··· Provided data
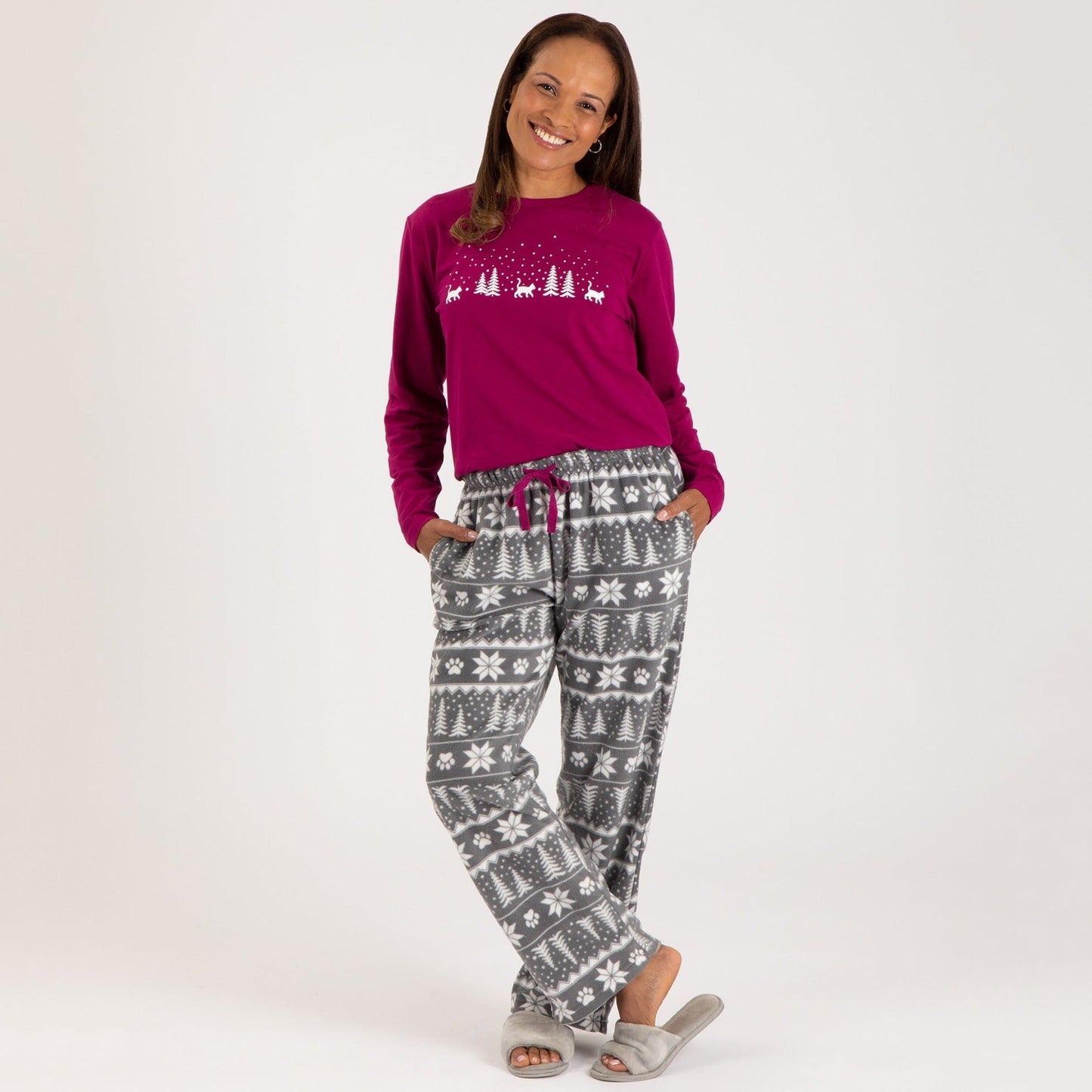 Winter Paw Print Pet Pajama Set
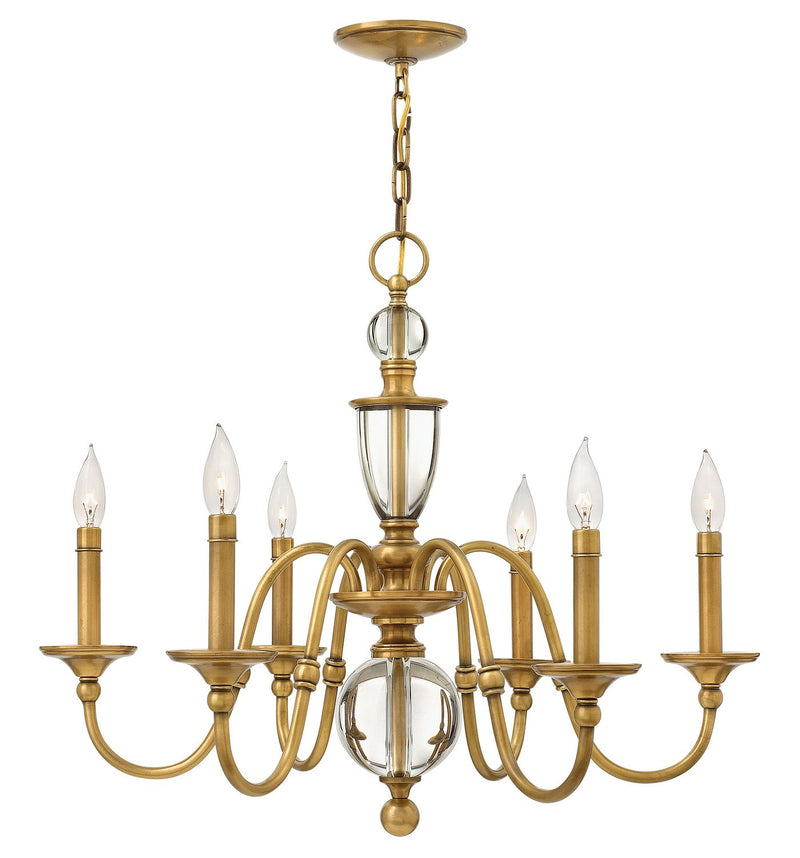 Eleanor 6-Light Chandelier in Heritage Brass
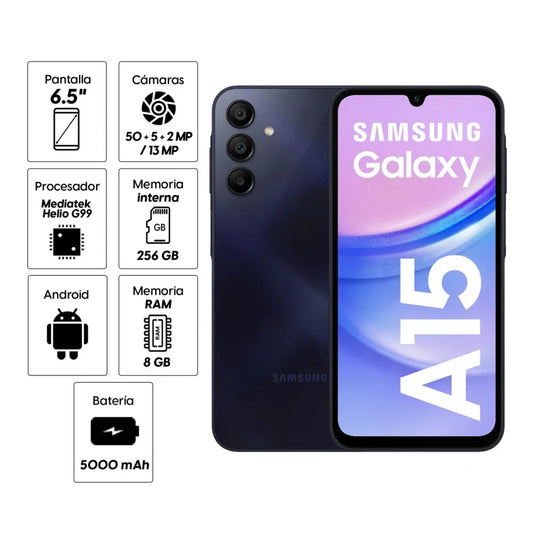 Celular Samsung Galaxy A15 256GB, 8GB ram  6.5", azul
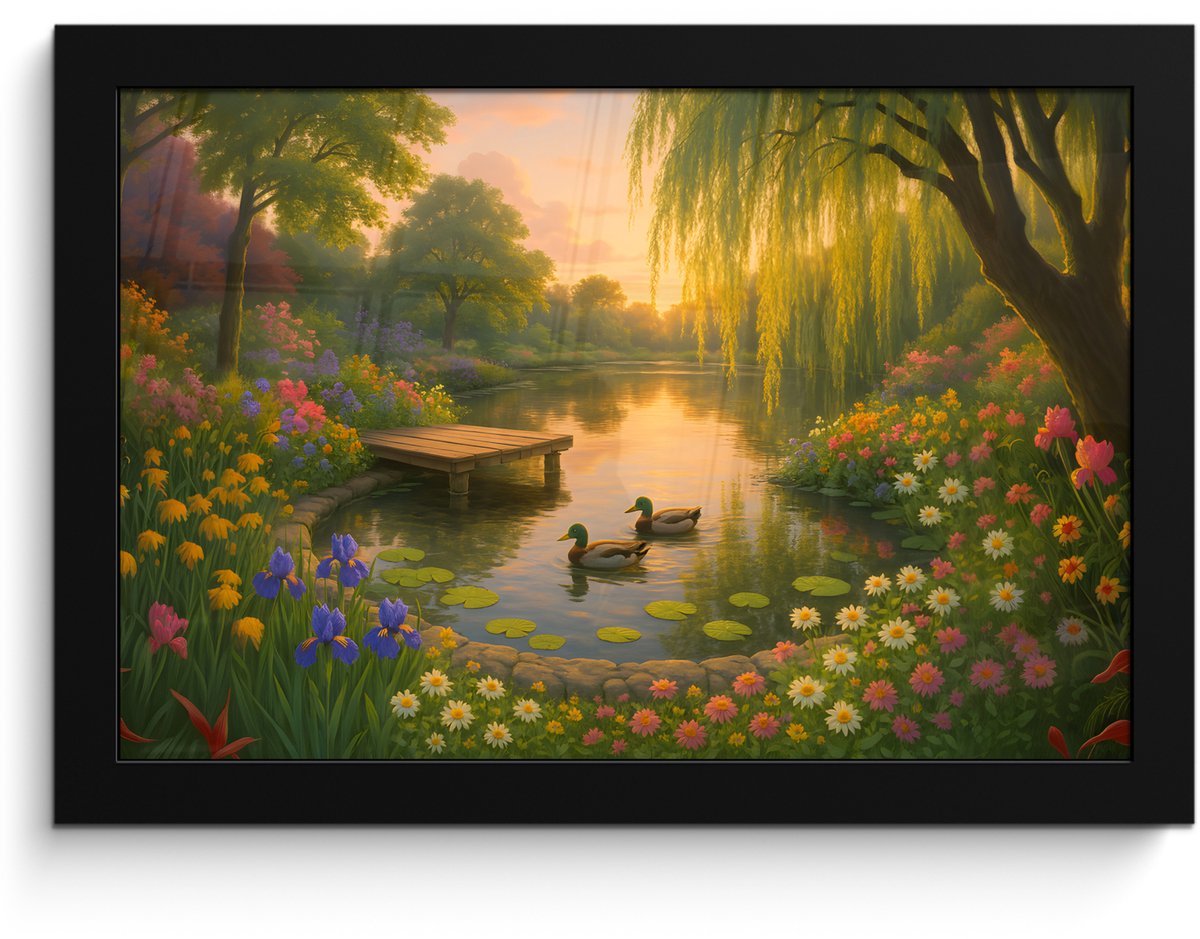 FrameYourWall Poster in lijst - Fotolijst 30x20 cm - Posters - Eenden - Vijver - Bloemen - Posterlijst zwart - Decoratie - Wanddecoratie woonkamer - Muurdecoratie slaapkamer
······
The reply should contain all of the data above, word for word, with no pictures.

• Response area:
 Winter Paw Print Pet Pajama Set
 Eleanor 6-Light Chandelier in Heritage Brass
 Celular Samsung Galaxy A15 256GB, 8GB ram  6.5", azul
 FrameYourWall Poster in lijst - Fotolijst 30x20 cm - Posters - Eenden - Vijver - Bloemen - Posterlijst zwart - Decoratie - Wanddecoratie woonkamer - Muurdecoratie slaapkamer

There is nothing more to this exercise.